The museum houses approximately 50,000 exhibits of ancient Indian history as well as objects from foreign lands, categorised primarily into three sections: Art, Archaeology and Natural History. The museum houses Indus Valley civilization artefacts, and other relics from ancient India from the time of the Guptas, Mauryas, Chalukyas and Rashtrakuta.

History

In 1904, some leading citizens of Bombay decided to provide a museum to commemorate the visit of the Prince of Wales, the future King George V. On 14 August 1905, the committee passed a resolution saying:

"The museum building embodies the pomp and height at which the British raj was moving ahead with their ambitious plans, in building the great metropolis Bombay". "In keeping pace with the best style of local architecture, many buildings were built, among which, Bombay High Court building, and later, Gateway of India buildings were the most notable ones".

The foundation stone was laid by the Prince of Wales on 11 November 1905 and the museum was formally named "Prince of Wales Museum of Western India". On 1 March 1907, the government of the Bombay Presidency granted the museum committee a piece of land called the "Crescent Site", where the museum now stands. Following an open design competition, in 1909 the architect George Wittet was commissioned to design the Museum building. Wittet had already worked on the design of the General Post Office and in 1911 would design one of Mumbai's most famous landmarks, the Gateway of India.

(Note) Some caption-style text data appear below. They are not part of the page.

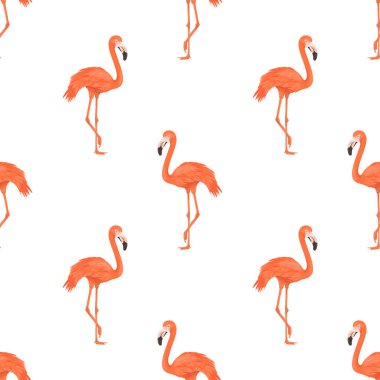 Kusursuz Flamingo Kuş Düzeni. Tekrarlanan Tropikal Hayvan Arkaplanı. Düz Vektör İllüstrasyonu. Afrika, Savannh, Egzotik Kuşlar. Yaz, Flamingo deseni. Tropik Konsept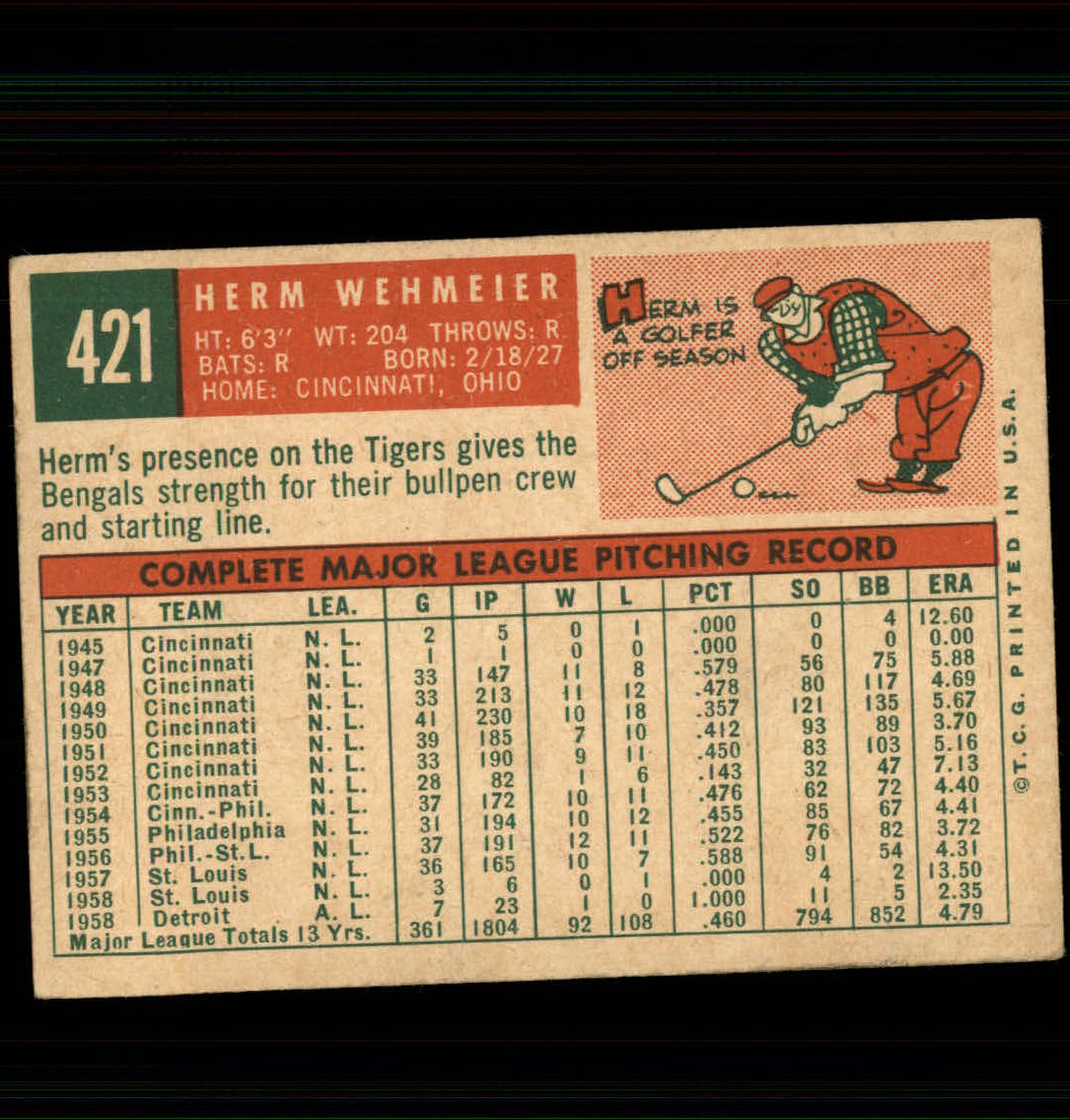 1959 TOPPS BASEBALL ASSORTED SINGLES U-PICK #362-556 - Picture 262 of 488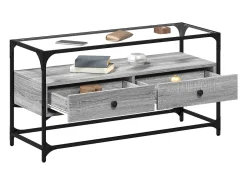 Varel Mueble TV cristal y madera ingeniería gris Sonoma 98x35x51 cm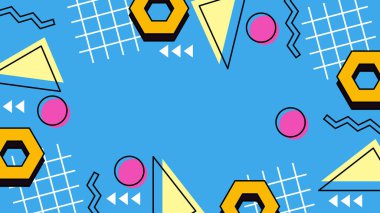 Retro Vibes ile Renkli Geometrik Soyut Arkaplan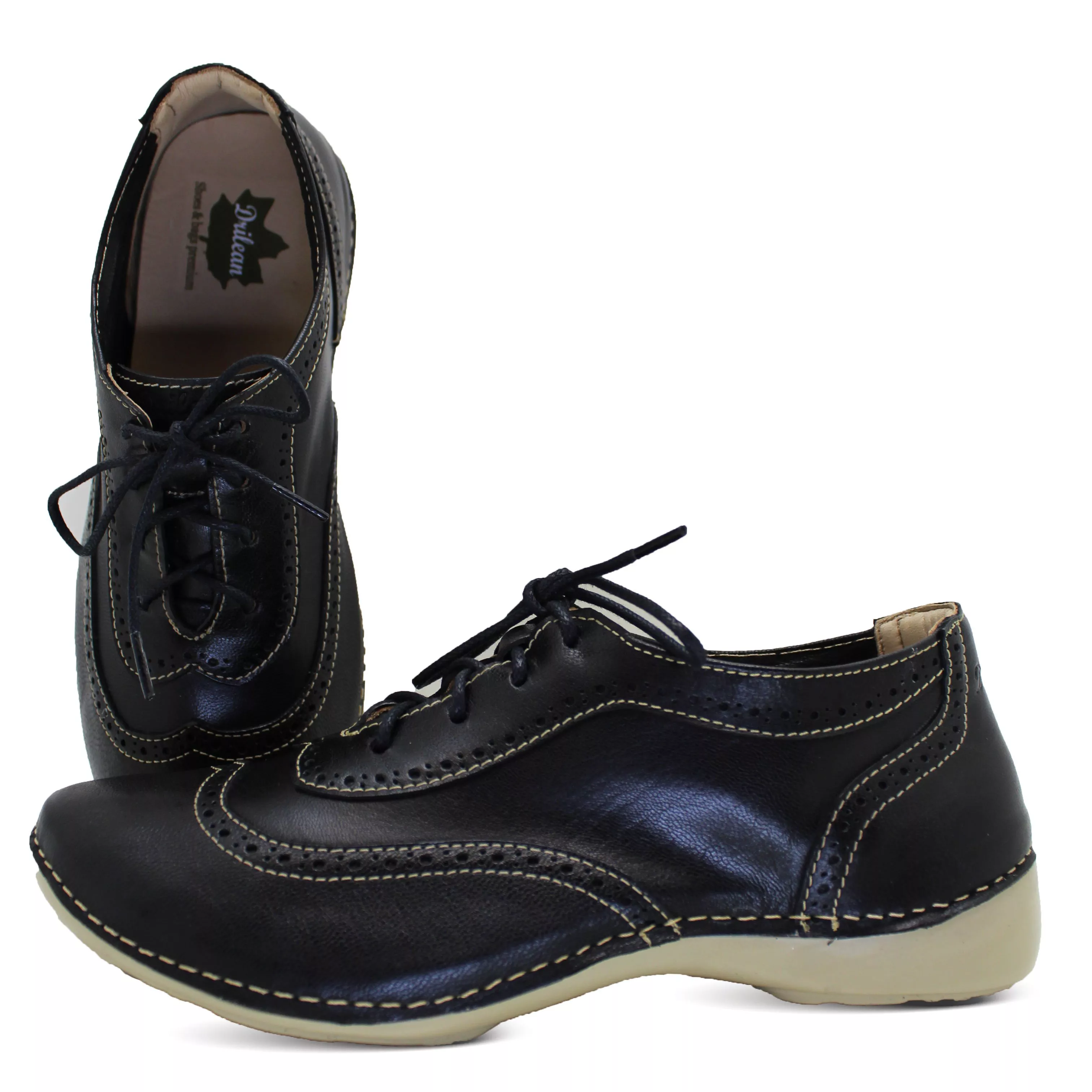ASTRIAAL blackl ブラックメタル Tênis feminino AL 033 preto em couro legítimo com palmilha em gel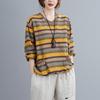 Casual Striped Women Sleeve Loose All-match Pockets Tops T-Shirts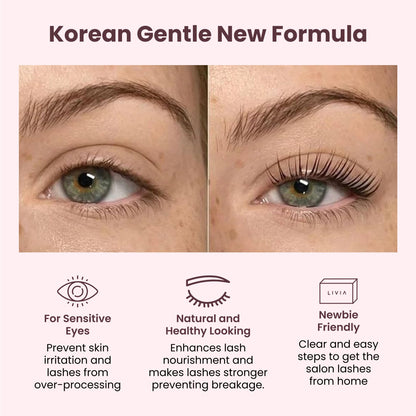 LIVIA Lash Lift Kit – Korean Formula, Salon-Quality Curls at Home, 8 Weeks, Complete DIY Perm Kit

The museum was funded by the Royal Visit (1905) Memorial Funds. Additionally, the Government and the Municipality granted Rs. 300,000 and Rs. 250,000 respectively. Sir Currimbhoy Ibrahim (first Baronet) donated another Rs. 300,000 and Sir Cowasji Jehangir gave Rs. 50,000. The Museum was established under Bombay Act No. III of 1909. The museum is now maintained by annual grants from the Government and the Bombay Municipal Corporation. The latter pays for these grants from the interest accruing on the funds at the disposal of the Trust of the Museum.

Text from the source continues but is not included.